Most Phase II and Phase III studies have multiple endpoints and procedures per patient generating millions of data points from a single study, and with the exponential rise in technology and capability, these numbers are only going to go up. Not only is this more burdensome for patients and sites to recruit patients, but it also increases the complexity of the logistics and sample handling for trials since data associated with sample collection comprises the majority of data for any submission.
Investigator sites are collecting and handling more laboratory specimens than ever before in support of clinical trials.
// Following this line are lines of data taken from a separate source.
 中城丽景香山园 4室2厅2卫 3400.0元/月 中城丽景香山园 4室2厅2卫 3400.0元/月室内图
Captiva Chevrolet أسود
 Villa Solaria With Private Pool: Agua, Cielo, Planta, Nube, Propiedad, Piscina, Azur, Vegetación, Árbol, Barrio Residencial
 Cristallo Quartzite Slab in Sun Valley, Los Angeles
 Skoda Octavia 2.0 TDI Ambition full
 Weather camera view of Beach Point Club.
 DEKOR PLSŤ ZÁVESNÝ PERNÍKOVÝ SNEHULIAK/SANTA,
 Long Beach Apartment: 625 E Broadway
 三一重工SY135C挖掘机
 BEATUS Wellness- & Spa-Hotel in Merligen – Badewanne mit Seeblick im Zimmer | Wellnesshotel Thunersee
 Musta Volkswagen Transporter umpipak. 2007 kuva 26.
Laboratory procedures continue to increase in complexity because personalized medicine and customized drug development rely on robust biomarker and genetic data. Highly specialized assays require more customized specimens which often require added processing and more critical procedures for controlled handling. A greater number of biomarkers included in today’s protocols also require more sample aliquots to be created and managed. Taken together, this higher complexity translates to more work for the sites and more opportunities for errors in sample collection, processing, packaging and shipping. One lost or non-viable sample can hamper the ability to enroll a subject in a clinical trial or include data from an enrolled subject in the regulatory submission.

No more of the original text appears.